The Social Seminar is a series of educational films for adults produced by the Extension Media Center of the University of California at Los Angeles in 1971. The original full name of the series was "The Social Seminar: Education, Drugs, and Society." The series was executive produced by Gary Schlosser, an Oscar-nominated producer of short-subject documentaries. The films were distributed nationally, for example to state educational film offices. The series was produced for the National Institute of Mental Health as a "multi-media training series."

Fifteen films were produced for The Social Seminar series: "Changing" (30 min., color), "The Family" (30 min., B&W), "News Story" (30 min., color), "Youth Culture Series" (1 hr., color), "Drugs and Beyond" (30 min., color), "Brian at Seventeen" (30 min., B&W), "Jordan Paul: One Teacher's Approach" (30 min., B&W), "What is Teaching? What is Learning?" (30 min., color), "Mr. Edler's Class: Drug Education at the Elementary Level" (30 min., color), "Drug Talk: Some Current Drug Programs (30 min., color), "Understanding: A New Institution" (6 min., B&W), "Community in Quest" (30 min., color), and "Meeting" (30 min., B&W). The longest film, the hour-long "Youth Culture Series," consisted of four segments each focusing on a specific young adult; these segments were named "Guy," "Bunny," "Tom," and "Teddy."

The first nine films in the series depict, in a cinema-verite style without voiceover or introduction, aspects of the lives of a selected person or family as they dealt with personal, interpersonal, and societal change. For example, the film "Changing" shows how one man's reevaluation of his life and social standing led to his becoming a "hippie" in the eyes of his family and coworkers; though his home life was enhanced, he found himself increasingly socially isolated. The remaining six films focus on various ways that educators, families, and communities attempt to solve societal problems.
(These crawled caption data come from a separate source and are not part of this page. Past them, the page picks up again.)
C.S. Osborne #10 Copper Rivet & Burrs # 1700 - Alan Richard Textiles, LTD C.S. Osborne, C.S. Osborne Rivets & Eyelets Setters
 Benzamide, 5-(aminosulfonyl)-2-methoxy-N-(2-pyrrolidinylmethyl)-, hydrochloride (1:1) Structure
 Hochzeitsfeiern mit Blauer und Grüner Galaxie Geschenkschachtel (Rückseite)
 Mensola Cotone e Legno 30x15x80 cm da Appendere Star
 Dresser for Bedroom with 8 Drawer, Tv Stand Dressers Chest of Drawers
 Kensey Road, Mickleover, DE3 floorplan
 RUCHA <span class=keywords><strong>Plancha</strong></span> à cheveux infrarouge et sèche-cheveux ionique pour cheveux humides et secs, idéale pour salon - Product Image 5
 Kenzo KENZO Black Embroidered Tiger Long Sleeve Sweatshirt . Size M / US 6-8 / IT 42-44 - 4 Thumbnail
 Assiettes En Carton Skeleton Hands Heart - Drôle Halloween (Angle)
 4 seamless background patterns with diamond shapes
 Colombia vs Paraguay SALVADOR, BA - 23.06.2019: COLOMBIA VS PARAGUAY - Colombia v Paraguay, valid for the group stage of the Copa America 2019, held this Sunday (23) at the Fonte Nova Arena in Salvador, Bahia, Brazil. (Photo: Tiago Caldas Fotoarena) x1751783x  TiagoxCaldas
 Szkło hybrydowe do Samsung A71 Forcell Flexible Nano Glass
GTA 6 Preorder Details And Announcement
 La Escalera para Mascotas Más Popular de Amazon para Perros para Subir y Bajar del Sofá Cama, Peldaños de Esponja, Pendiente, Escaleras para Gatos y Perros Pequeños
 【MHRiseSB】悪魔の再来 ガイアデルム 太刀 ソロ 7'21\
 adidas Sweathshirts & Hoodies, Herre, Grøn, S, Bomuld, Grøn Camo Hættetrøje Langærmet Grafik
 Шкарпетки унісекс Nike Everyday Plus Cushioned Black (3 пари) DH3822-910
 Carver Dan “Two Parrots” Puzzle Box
Several of the films are part of the Prelinger Archive and are available freely online. In June 2011, "Changing" was featured on the Turner Classic Movies series TCM Underground.

==In popular culture==
- Electronic music duo Boards of Canada sampled dialogue from the "Tom" episode of The Social Seminar in their song "Chromakey Dreamcoat", from the album The Campfire Headphase.
- British rock band Bastille sampled dialogue from the "Changing" episode of The Social Seminar in their songs "Fake It" and "Four Walls (The Ballad of Perry Smith)", from the album Wild World.